Page 4556 - Week 14 - Wednesday, 23 November 2005

Next page . . . . Previous page . . . . Speeches . . . . Contents . . . . Debates(HTML) . . . . PDF . . . .

I suspect that what this is all about is particularly clause 2 (d) of Mr Gentleman’s motion where he talks about his horror at the ABCC being able to enforce a penalty against people who do not attend for questioning, answer questions or obstruct an investigation. How can you get up here and say that you are against giving them the powers to demand people cooperate and at the same time express the supposed concern that the federal government’s measures are all about making workplaces dangerous, about ignoring deaths in workplaces? They have declared that this is one of the key motivations in this particular set of measures.

The promotion of injury prevention and best OH&S practice is clearly a key priority of the federal government. They have certainly declared that they are committed to improving workplace safety, as a client. They have developed a national occupational health and safety strategy and have encouraged its adoption by all Australian governments—state governments and territory governments—and peak employer and employee bodies. Unlike some of those opposite, they have favoured a position of prevention rather than simply relying on punishment after the event. There have been a host of different approaches taken in different states, but certainly the initiatives shown in these measures are commendable.

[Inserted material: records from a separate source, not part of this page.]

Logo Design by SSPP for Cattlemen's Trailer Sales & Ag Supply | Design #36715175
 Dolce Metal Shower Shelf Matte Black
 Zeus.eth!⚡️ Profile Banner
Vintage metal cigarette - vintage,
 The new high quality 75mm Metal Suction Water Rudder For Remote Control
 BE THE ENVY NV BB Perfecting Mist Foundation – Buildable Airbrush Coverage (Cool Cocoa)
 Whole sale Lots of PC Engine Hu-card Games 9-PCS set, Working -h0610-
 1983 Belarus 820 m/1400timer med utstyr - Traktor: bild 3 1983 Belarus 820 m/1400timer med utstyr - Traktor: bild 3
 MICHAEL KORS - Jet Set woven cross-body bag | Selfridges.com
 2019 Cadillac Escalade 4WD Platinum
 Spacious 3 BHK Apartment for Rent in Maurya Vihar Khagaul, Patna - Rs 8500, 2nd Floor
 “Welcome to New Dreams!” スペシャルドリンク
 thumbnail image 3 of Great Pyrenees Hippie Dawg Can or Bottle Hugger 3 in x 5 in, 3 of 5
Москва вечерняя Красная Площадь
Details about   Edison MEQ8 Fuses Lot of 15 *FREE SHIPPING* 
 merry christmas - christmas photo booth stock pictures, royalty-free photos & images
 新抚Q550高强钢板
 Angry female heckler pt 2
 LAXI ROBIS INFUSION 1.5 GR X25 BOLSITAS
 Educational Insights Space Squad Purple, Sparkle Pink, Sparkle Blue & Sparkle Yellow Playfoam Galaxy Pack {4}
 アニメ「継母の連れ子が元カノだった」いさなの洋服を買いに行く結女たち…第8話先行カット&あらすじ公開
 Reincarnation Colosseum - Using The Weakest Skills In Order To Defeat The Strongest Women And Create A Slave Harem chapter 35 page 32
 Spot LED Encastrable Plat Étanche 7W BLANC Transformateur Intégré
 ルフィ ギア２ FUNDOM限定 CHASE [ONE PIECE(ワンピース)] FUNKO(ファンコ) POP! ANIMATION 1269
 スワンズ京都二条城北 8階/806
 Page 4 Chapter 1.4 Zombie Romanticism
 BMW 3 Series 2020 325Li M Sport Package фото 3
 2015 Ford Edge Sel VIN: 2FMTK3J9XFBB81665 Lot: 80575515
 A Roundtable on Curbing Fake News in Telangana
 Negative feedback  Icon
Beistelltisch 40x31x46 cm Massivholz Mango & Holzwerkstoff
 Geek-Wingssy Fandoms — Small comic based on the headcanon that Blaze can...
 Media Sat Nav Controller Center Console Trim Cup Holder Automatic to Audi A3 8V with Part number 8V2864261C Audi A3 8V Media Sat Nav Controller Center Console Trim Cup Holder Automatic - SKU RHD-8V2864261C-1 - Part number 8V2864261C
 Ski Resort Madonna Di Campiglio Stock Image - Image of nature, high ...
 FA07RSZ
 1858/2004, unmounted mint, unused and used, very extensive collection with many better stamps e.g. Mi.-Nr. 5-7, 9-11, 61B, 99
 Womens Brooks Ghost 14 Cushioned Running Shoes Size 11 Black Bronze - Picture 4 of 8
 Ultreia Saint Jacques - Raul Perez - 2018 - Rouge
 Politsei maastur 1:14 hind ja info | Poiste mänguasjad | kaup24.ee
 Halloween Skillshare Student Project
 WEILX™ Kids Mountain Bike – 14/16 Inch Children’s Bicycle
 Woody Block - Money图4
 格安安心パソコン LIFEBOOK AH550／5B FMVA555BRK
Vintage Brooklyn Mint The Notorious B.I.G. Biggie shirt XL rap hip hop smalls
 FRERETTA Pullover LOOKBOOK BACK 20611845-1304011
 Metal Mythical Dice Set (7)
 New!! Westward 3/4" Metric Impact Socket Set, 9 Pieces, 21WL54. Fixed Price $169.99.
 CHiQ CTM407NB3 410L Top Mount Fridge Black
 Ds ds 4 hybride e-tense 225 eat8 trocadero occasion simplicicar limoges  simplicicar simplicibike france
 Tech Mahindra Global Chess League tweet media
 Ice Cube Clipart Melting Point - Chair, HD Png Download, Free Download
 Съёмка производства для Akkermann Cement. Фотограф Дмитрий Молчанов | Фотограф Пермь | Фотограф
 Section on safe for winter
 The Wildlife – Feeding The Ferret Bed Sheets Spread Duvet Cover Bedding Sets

I cringe when I hear these isolated cases being wheeled out of tragic loss of life on building sites, not because I am unsympathetic or not dismayed by the consequence to young people from workplace injury—one death in any workplace is one too many; no person with any sense of decency could take heart from that—but I am galled when I hear people like Sharan Burrow who, last month on the ABC Lateline program, was filmed at an ACTU campaign meeting saying, “I need a mum or dad of someone who has been seriously injured or killed; that would be fantastic.”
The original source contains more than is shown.